The Role of Cell Rearrangement

The original designations of egg types of insects (Krause, 1939) focused on the length of the germ anlage relative to the anteroposterior axis of the egg and the number of presumptive segments that form from the growth zone (or from an alternative perspective, the number of segments specified in the germ anlage before the onset of gastrulation). The presumption then was that segments not yet specified originate from a short posterior growth zone, which undergoes substantial growth as additional segments are defined. As discussed earlier, this presumption fails in a number of species, and proliferative growth underlying elongation in both short and intermediate germband insects occurs throughout the length of the germband. This failure to observe the logically predicted growth in the posterior, coupled with the observation that many early germ anlage undergo substantial changes in their shape—for example, the short and wide Bombyx embryo undergoes a complete change in aspect ratio, or the bulbous posterior of a Tribolium embryo extends and narrows—led researchers to focus their attention more on the role of orchestrated cell rearrangements as an essential mechanism underlying segmentation and elongation.
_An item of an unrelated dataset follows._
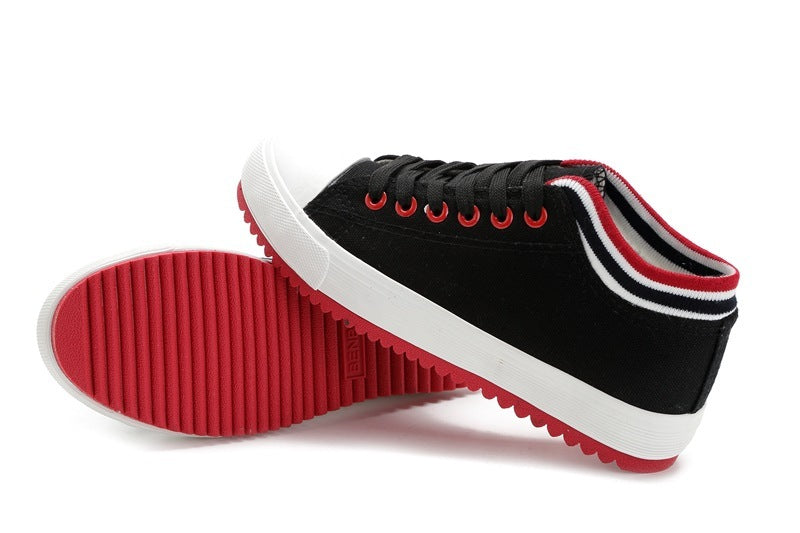 Casual canvas shoes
The well-studied Drosophila embryo has been the arthropod model for elongation via cell rearrangement, or convergent extension. Despite the fact that the pri- mordia for all Drosophila segments are visible in the late blastoderm, the germband increases in length more than twofold (Hartenstein and Campos-Ortega, 1985). This extension post-segmentation has been the main lens through which to consider other species that elongate while adding segments. Recently, however, advances in live cell imaging have radically improved our ability to describe movements of cells during germband elongation in other arthropod species. We begin our discussion of cell rearrangements with a brief, general summary of cell rearrangement and provide an overview of convergent extension in Drosophila. We then describe what is known about cell rearrangements in sequentially segmenting arthropods, focusing on the best-studied case, Tribolium. We predict that, as more species are characterized, the cellular mechanisms underlying elongation in arthropod embryos and larvae will be diverse.